• YOUR INSTRUCTIONS: Copy every line of the data below exactly as given, except for the pictures.
== Segment start ==
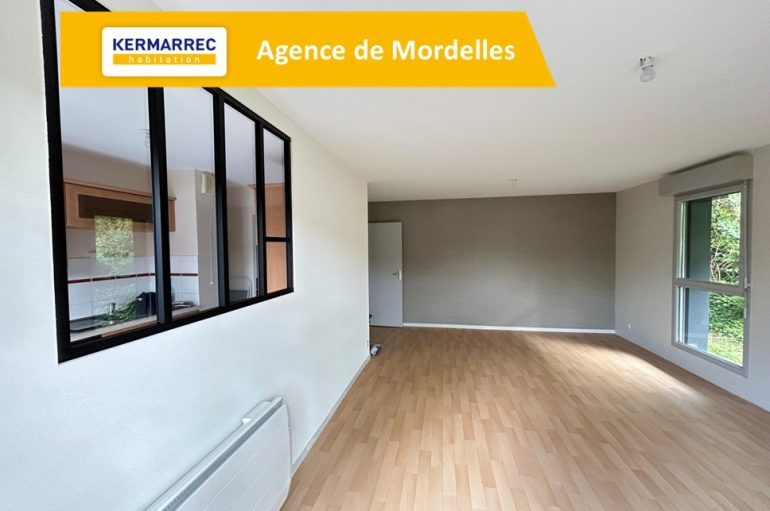 Appartement 4 pièces - 73 m² environ - 57741121a.jpg | Kermarrec Habitation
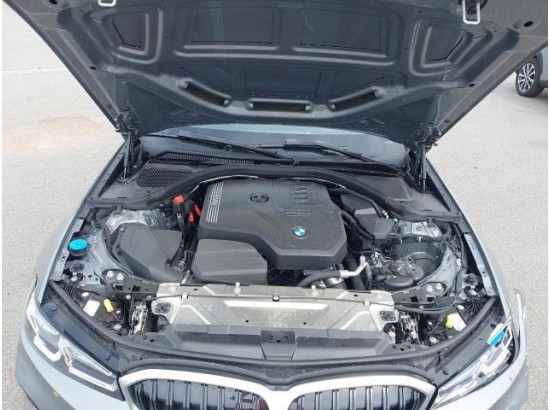 2024 BMW 3er Touring 318i 2024 BMW 3er Touring 318i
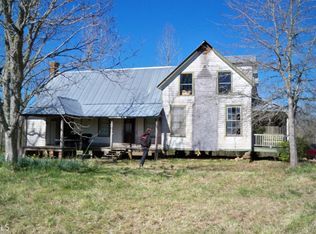 3084 Covey Rise Farm Rd, Sparta, GA 31087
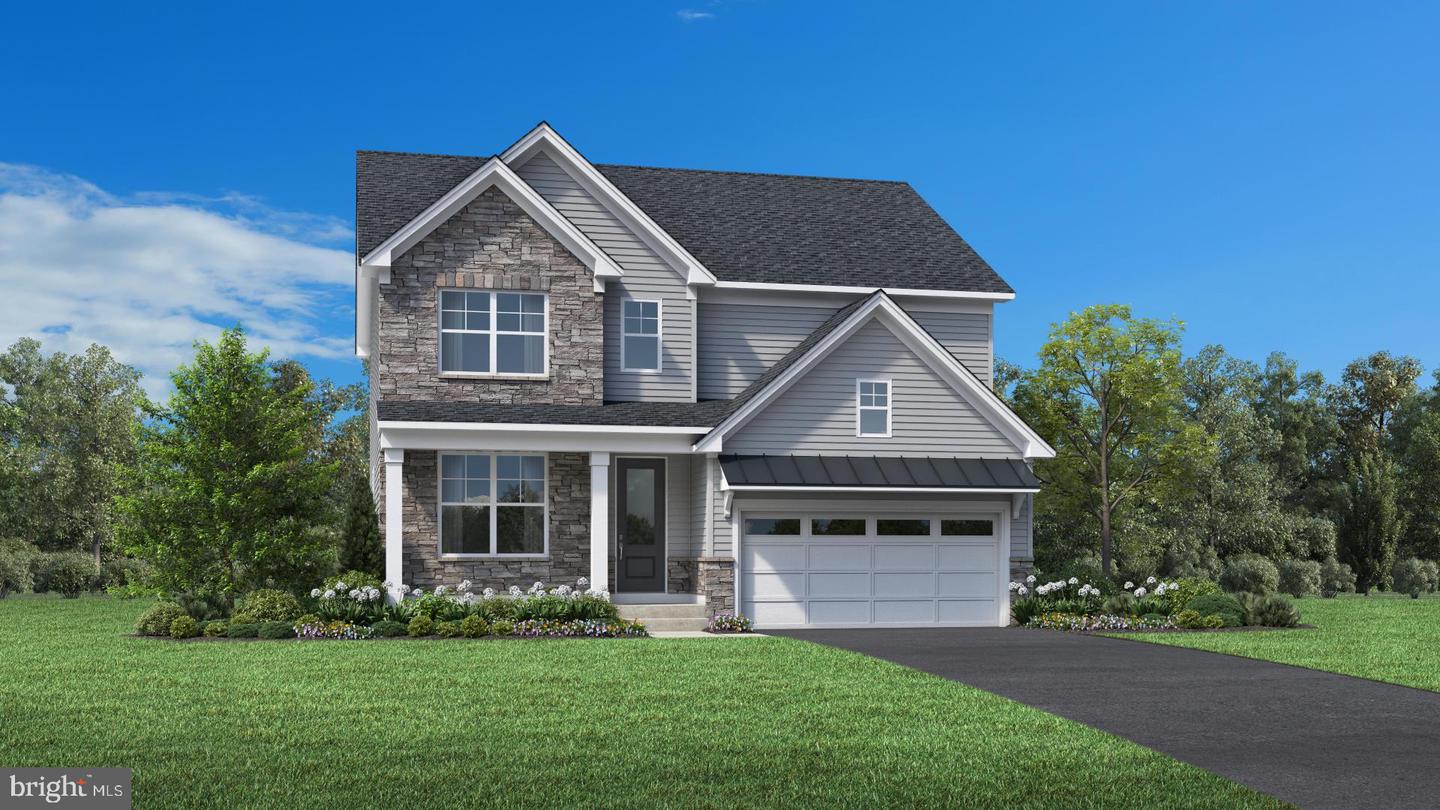 1421 Mill Race Dr #lot 33 Welsh Property Photo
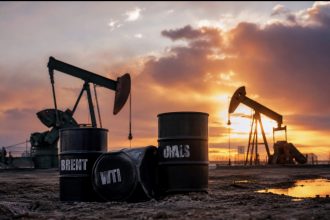 Ціни на нафту 18 травня 2026 — скільки коштує Brent, WTI та Urals сьогодні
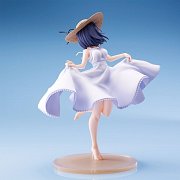 Original Character PVC Statue U35 Illustration At The Seaside 27 cm - Damaged packaging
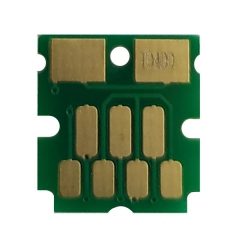 Чип для контейнера отработанных чернил Epson T04D0 (C13T04D000) Everprint (CHIP-EPS-MB-T04D0)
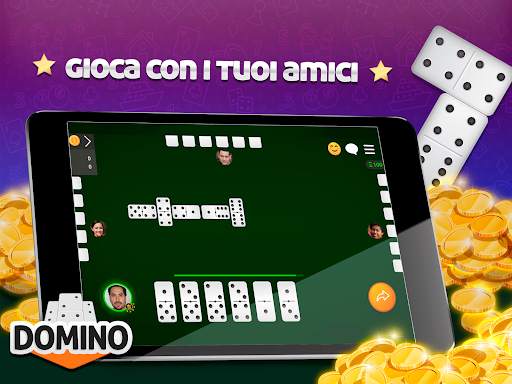 ClubDelGioco: Burraco, Scala40 screenshot 10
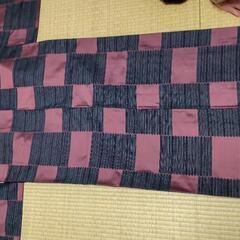 女性用の着物ですの画像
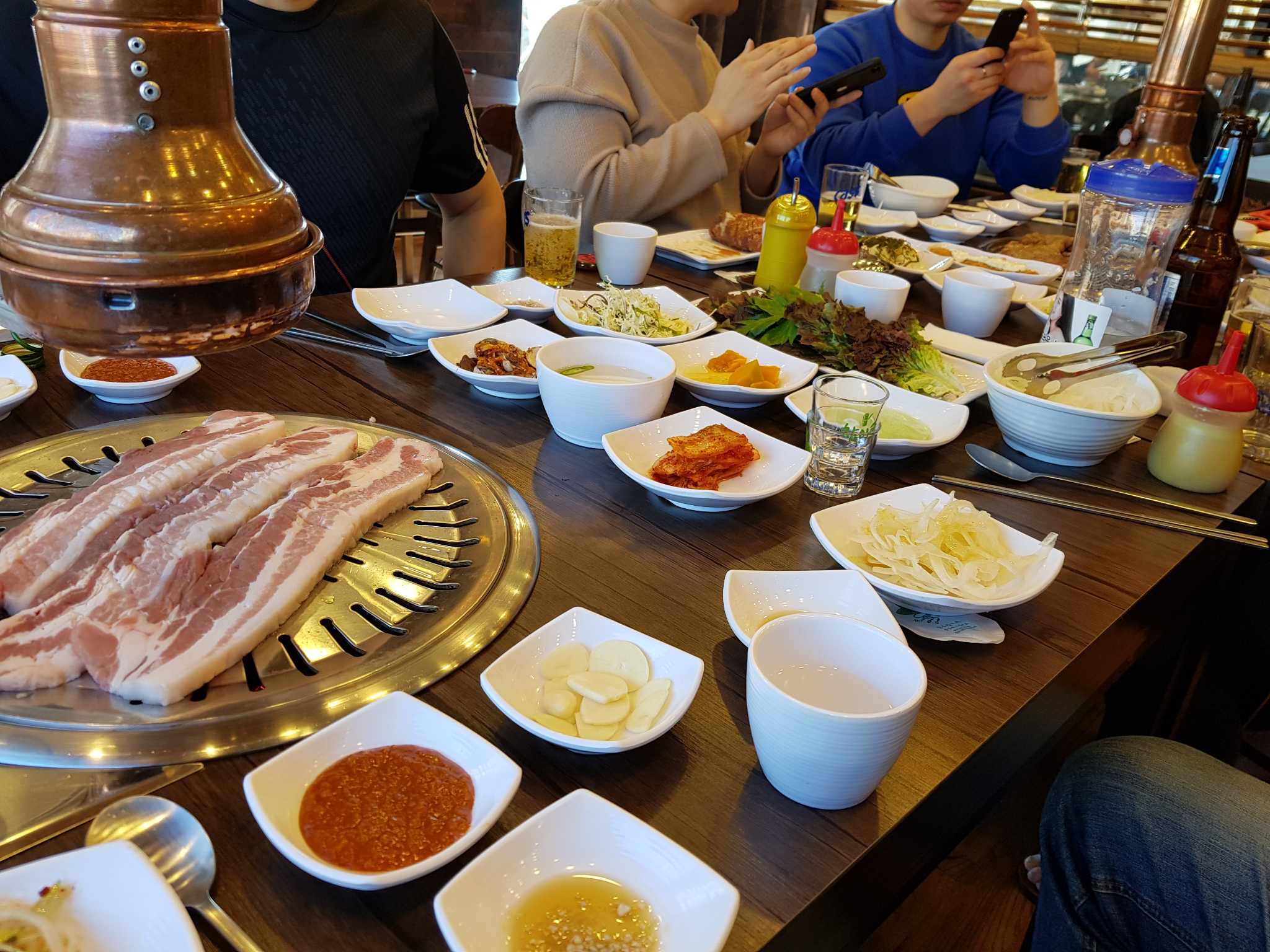 강릉돈우마을 강릉주문진점 사진 5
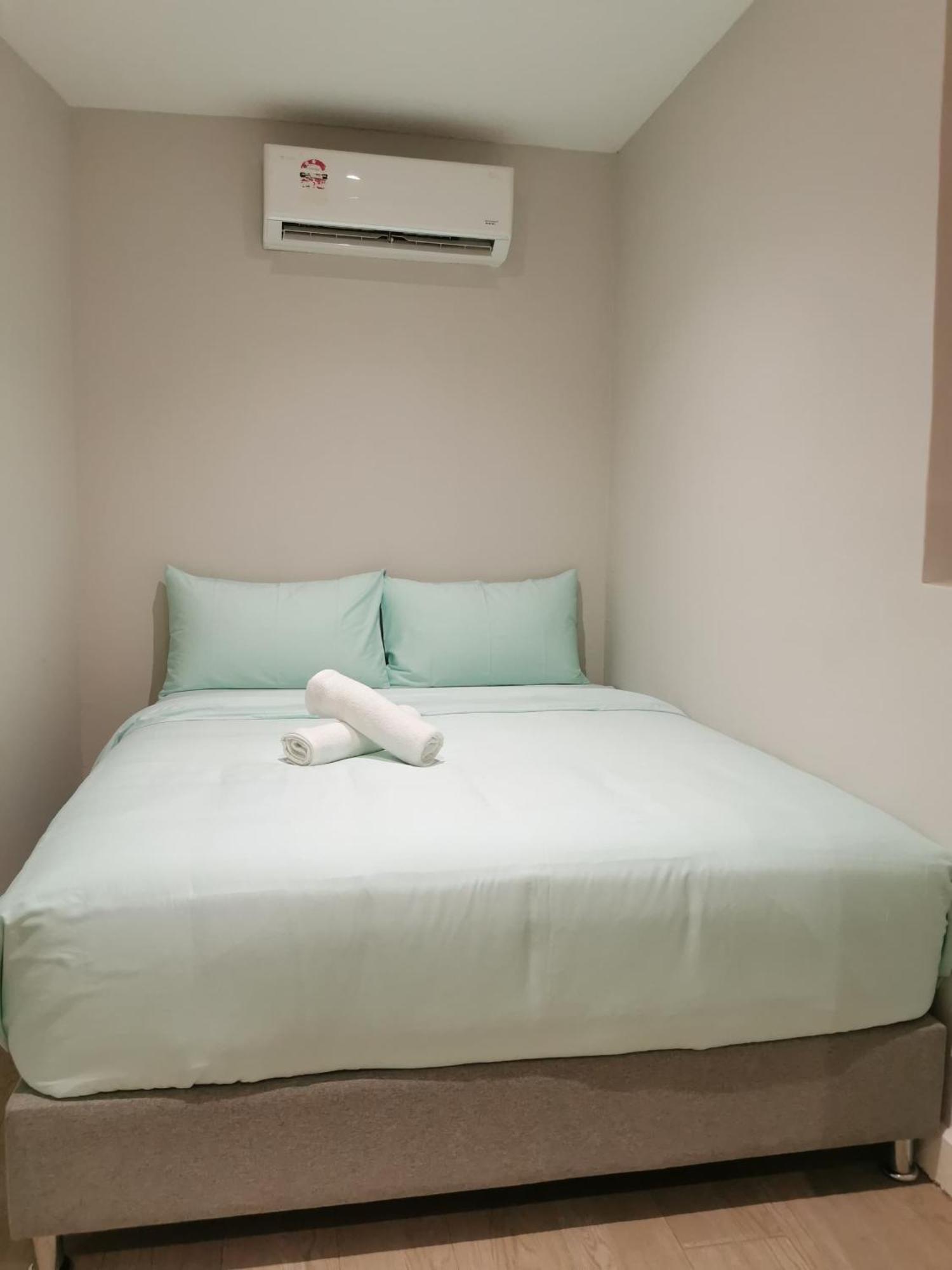 Autumn Guesthouse'S Near Jalan Alor Bukit Bintang Kuala Lumpur Exterior foto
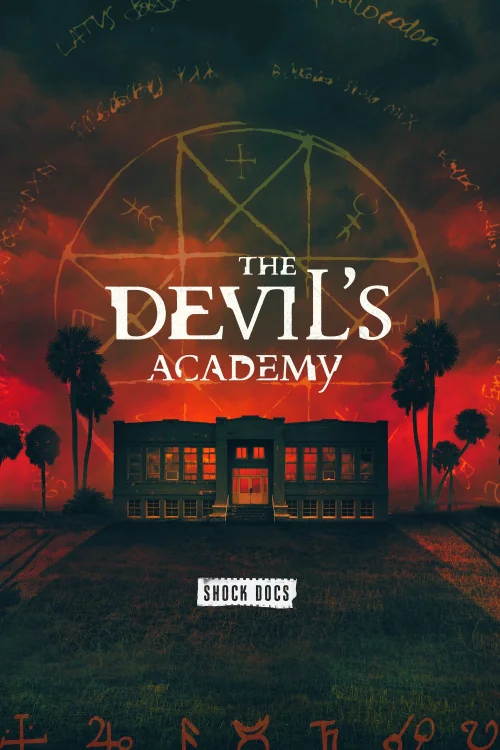 Shock Docs The Devil's Academy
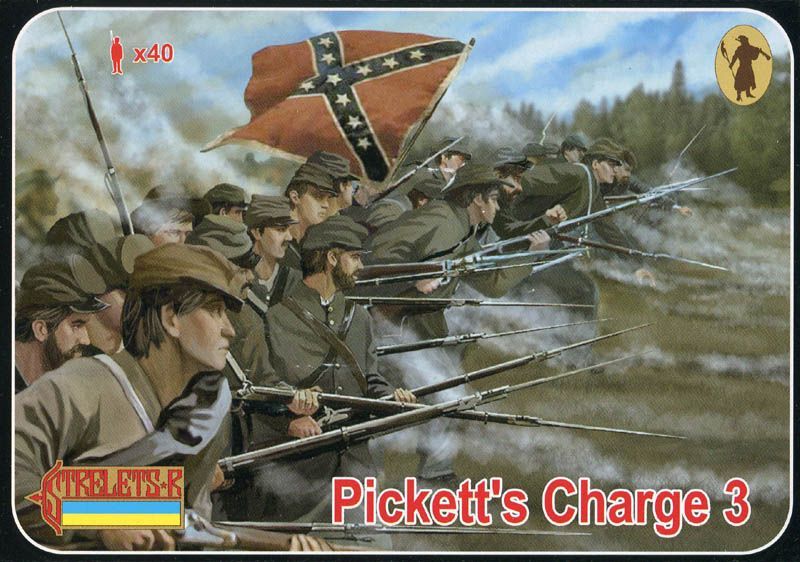 Picket charge 3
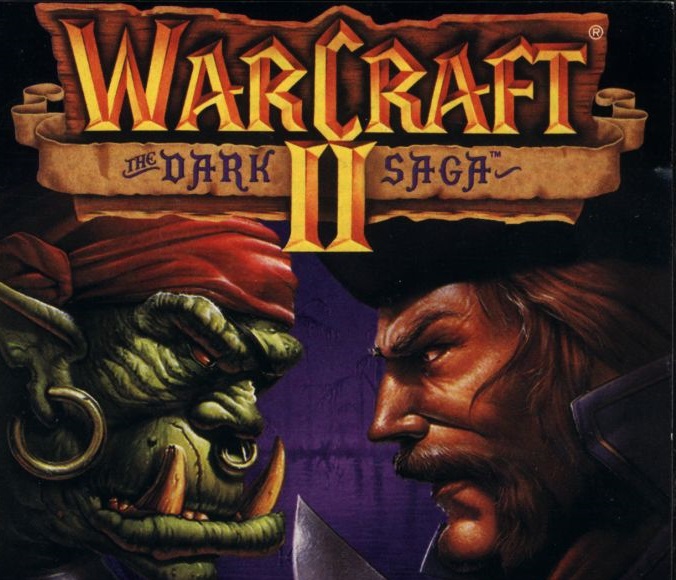Warcraft 2: The Dark Saga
== Segment end ==
• ANSWER FOR THIS EXERCISE:
 Appartement 4 pièces - 73 m² environ - 57741121a.jpg | Kermarrec Habitation
 2024 BMW 3er Touring 318i 2024 BMW 3er Touring 318i
 3084 Covey Rise Farm Rd, Sparta, GA 31087
 1421 Mill Race Dr #lot 33 Welsh Property Photo
 Ціни на нафту 18 травня 2026 — скільки коштує Brent, WTI та Urals сьогодні
 Original Character PVC Statue U35 Illustration At The Seaside 27 cm - Damaged packaging
 Чип для контейнера отработанных чернил Epson T04D0 (C13T04D000) Everprint (CHIP-EPS-MB-T04D0)
 ClubDelGioco: Burraco, Scala40 screenshot 10
 女性用の着物ですの画像
 강릉돈우마을 강릉주문진점 사진 5
 Autumn Guesthouse'S Near Jalan Alor Bukit Bintang Kuala Lumpur Exterior foto
 Shock Docs The Devil's Academy
 Picket charge 3
Warcraft 2: The Dark Saga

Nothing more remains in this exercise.